§ **Task objective**: Copy each line of the entries that contains the word "vector".

§ **Available data**:
##########

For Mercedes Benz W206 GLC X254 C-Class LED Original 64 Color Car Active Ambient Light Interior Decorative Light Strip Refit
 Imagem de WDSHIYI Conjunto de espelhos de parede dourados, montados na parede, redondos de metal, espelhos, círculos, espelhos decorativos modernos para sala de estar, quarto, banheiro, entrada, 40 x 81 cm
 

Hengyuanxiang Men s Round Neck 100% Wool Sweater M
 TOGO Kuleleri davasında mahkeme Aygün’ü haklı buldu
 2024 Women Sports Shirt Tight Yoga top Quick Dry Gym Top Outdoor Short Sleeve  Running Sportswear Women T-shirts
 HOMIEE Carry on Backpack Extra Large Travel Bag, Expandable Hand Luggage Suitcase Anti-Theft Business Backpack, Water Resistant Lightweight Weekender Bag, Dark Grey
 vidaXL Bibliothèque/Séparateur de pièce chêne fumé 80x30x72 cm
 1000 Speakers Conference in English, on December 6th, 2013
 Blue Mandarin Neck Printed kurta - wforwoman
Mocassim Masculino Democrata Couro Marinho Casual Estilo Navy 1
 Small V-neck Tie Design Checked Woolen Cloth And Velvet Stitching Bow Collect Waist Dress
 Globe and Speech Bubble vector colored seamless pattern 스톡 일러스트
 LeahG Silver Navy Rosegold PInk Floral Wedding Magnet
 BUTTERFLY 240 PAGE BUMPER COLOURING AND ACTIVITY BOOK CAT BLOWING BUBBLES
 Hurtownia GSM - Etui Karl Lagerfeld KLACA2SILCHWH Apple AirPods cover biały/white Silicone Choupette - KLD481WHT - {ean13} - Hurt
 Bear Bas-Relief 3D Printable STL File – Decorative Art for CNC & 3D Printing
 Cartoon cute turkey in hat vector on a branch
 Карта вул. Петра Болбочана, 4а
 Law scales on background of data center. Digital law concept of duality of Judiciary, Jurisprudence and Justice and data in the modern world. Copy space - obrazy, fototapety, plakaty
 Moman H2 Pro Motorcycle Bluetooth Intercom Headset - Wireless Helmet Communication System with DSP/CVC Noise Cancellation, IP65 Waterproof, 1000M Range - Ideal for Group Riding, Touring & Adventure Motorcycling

##########

§ **Answer box**:
 Globe and Speech Bubble vector colored seamless pattern 스톡 일러스트
 Cartoon cute turkey in hat vector on a branch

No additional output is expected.